Your goal. From the listing below, reproduce word for word the part that opens with the line containing "intimate bride and" and closes with the line containing "Đầm tay phồng"; reproduce nothing else.

The records.
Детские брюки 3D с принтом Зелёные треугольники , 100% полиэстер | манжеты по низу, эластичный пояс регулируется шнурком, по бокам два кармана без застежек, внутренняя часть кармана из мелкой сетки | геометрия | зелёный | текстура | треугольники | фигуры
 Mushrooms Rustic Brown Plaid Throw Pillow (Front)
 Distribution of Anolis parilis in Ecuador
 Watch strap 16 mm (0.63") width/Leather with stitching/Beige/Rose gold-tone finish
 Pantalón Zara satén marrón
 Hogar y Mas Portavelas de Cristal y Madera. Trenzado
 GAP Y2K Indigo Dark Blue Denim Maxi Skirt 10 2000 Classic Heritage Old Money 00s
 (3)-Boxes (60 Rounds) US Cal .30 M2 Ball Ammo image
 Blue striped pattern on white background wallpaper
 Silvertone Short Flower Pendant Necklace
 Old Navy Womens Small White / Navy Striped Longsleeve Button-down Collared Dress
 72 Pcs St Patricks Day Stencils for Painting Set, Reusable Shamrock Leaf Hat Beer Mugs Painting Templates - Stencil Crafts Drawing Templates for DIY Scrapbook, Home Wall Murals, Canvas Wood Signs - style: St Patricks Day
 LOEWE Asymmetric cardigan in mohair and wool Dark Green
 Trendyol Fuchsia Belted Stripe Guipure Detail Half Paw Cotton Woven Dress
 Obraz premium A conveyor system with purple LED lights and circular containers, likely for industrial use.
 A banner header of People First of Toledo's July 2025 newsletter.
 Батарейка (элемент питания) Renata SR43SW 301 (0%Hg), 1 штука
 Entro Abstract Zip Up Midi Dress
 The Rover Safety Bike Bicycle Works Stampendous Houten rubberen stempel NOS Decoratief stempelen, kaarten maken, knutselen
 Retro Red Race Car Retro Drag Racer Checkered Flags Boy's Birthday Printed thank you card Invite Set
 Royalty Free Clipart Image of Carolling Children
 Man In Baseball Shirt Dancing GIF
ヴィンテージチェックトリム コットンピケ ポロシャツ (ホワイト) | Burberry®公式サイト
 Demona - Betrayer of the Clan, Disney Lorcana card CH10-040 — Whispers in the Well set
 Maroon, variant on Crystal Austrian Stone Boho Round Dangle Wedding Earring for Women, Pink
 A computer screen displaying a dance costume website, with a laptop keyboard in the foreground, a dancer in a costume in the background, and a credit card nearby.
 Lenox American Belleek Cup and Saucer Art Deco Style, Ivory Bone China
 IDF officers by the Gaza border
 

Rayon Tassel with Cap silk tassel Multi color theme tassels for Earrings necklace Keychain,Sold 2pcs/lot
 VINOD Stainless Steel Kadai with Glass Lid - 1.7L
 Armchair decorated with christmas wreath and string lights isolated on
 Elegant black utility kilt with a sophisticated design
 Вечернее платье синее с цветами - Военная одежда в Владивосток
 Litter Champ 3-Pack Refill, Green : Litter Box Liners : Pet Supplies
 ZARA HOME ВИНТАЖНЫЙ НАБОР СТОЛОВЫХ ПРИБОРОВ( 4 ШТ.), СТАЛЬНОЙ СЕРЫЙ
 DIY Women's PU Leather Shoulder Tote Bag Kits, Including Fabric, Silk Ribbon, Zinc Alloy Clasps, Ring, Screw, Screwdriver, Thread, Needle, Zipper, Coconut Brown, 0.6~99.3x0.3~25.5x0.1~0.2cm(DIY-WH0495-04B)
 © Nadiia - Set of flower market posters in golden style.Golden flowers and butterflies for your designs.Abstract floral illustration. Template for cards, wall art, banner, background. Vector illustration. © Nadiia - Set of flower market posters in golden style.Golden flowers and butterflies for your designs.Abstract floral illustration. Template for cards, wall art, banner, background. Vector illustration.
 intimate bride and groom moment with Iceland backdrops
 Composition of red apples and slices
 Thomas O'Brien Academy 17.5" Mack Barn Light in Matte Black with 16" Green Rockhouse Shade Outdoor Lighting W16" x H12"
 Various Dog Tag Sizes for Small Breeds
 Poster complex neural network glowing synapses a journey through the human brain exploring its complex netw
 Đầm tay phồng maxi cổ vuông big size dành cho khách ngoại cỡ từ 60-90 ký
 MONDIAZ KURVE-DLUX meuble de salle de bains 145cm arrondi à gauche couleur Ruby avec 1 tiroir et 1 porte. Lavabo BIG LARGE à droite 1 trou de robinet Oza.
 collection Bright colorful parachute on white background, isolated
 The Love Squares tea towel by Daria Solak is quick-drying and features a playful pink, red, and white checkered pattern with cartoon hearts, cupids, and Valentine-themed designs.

Written reply.
 intimate bride and groom moment with Iceland backdrops
 Composition of red apples and slices
 Thomas O'Brien Academy 17.5" Mack Barn Light in Matte Black with 16" Green Rockhouse Shade Outdoor Lighting W16" x H12"
 Various Dog Tag Sizes for Small Breeds
 Poster complex neural network glowing synapses a journey through the human brain exploring its complex netw
 Đầm tay phồng maxi cổ vuông big size dành cho khách ngoại cỡ từ 60-90 ký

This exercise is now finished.